§ Task brief:
Restate each line of the listing exactly, without carrying over any pictures.

§ Input data:

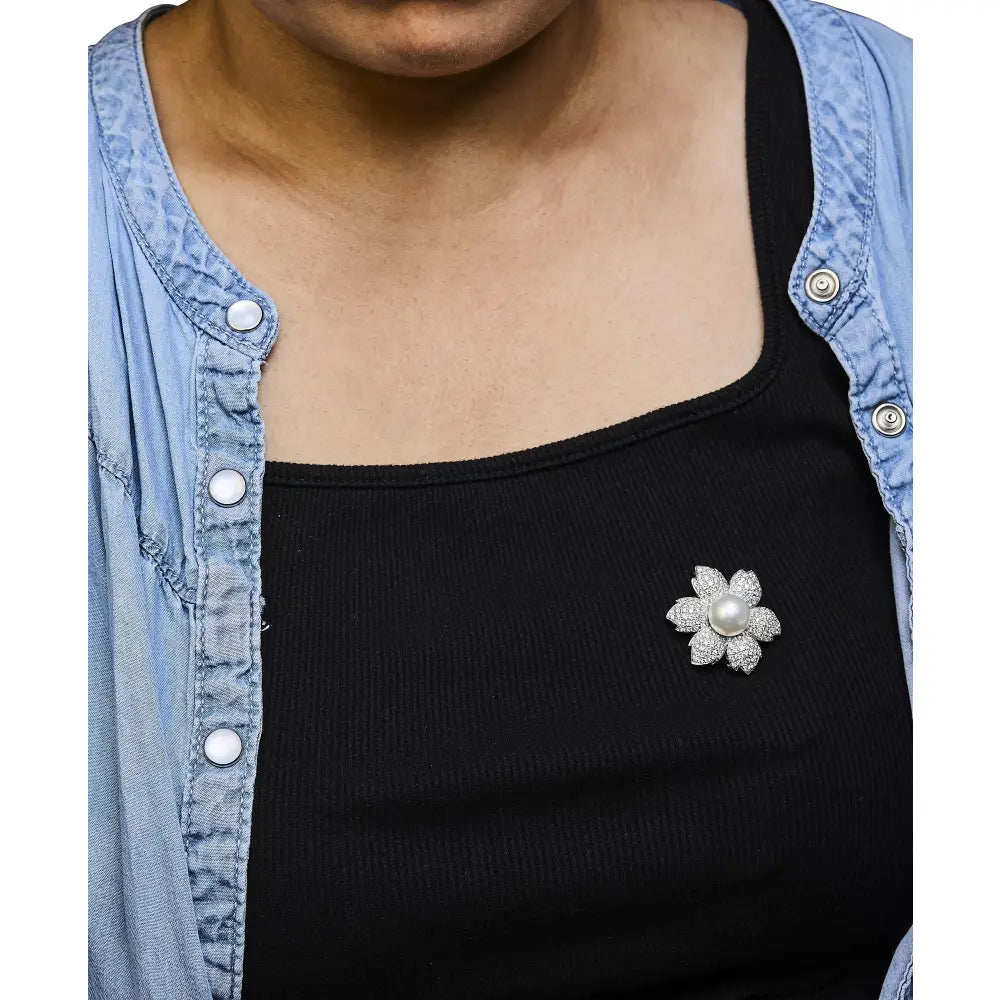 18k white gold 2.75ctw diamond and 12.5mm pearl floral brooch bijoux-nyc direct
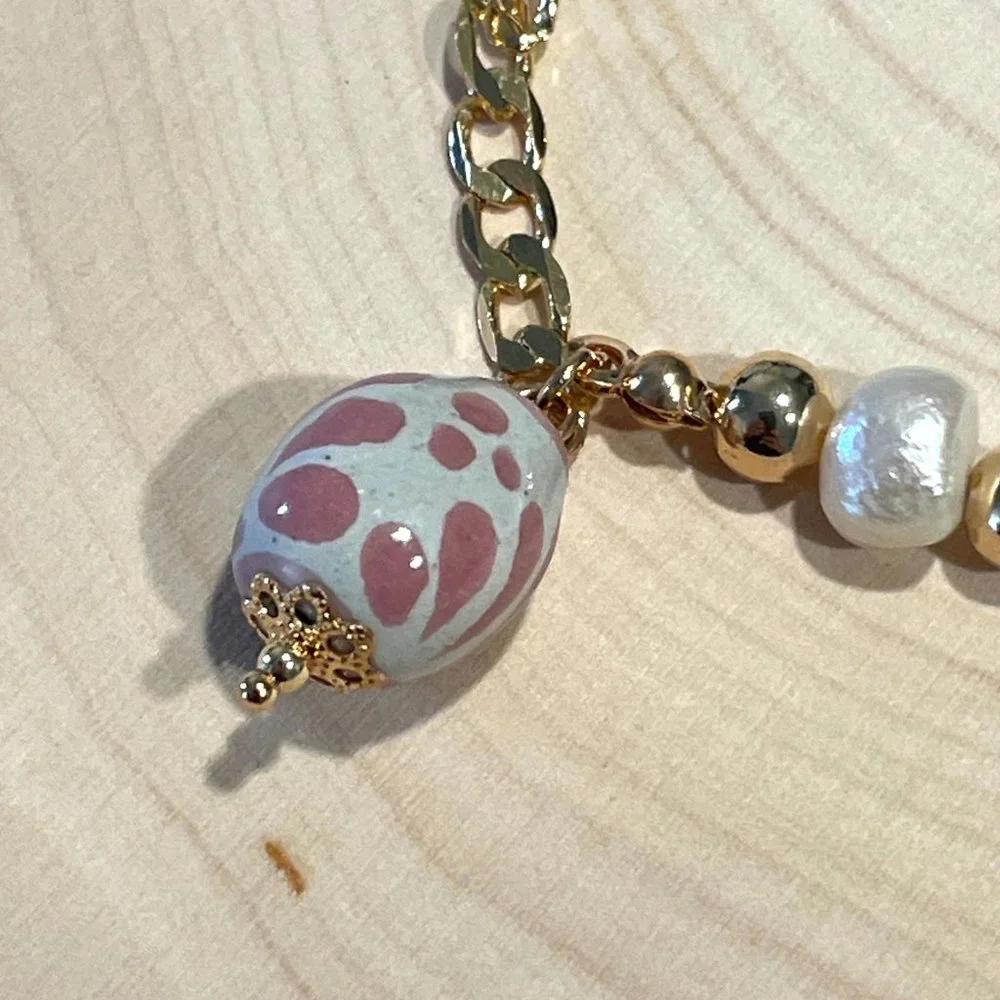 DaVella Collections Linda Bracelet Talavera Poblana Charm Pearl Mexican Handmade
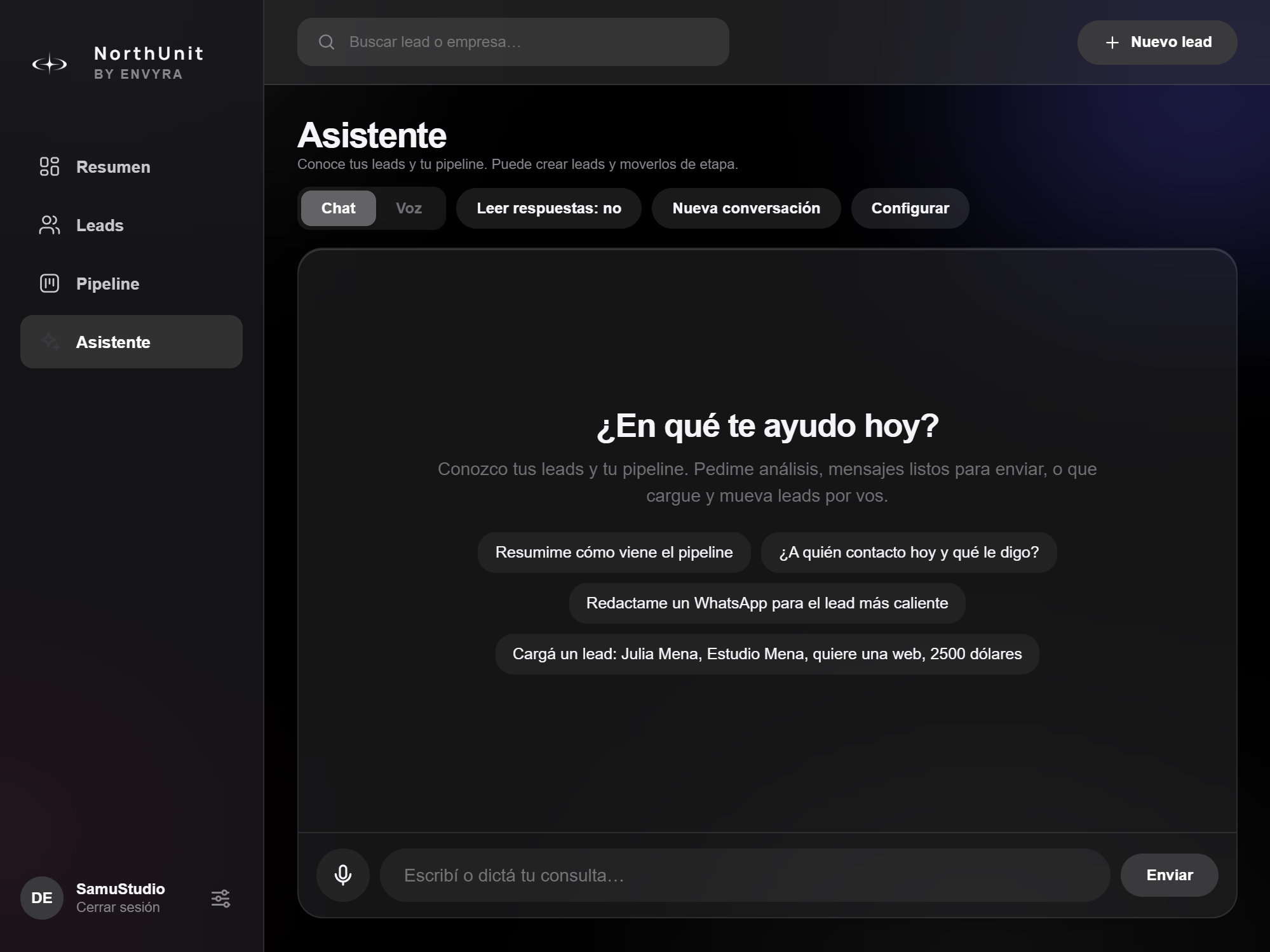 NorthUnit redacta un borrador de seguimiento con IA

§ Finished task:
 18k white gold 2.75ctw diamond and 12.5mm pearl floral brooch bijoux-nyc direct
 DaVella Collections Linda Bracelet Talavera Poblana Charm Pearl Mexican Handmade
 NorthUnit redacta un borrador de seguimiento con IA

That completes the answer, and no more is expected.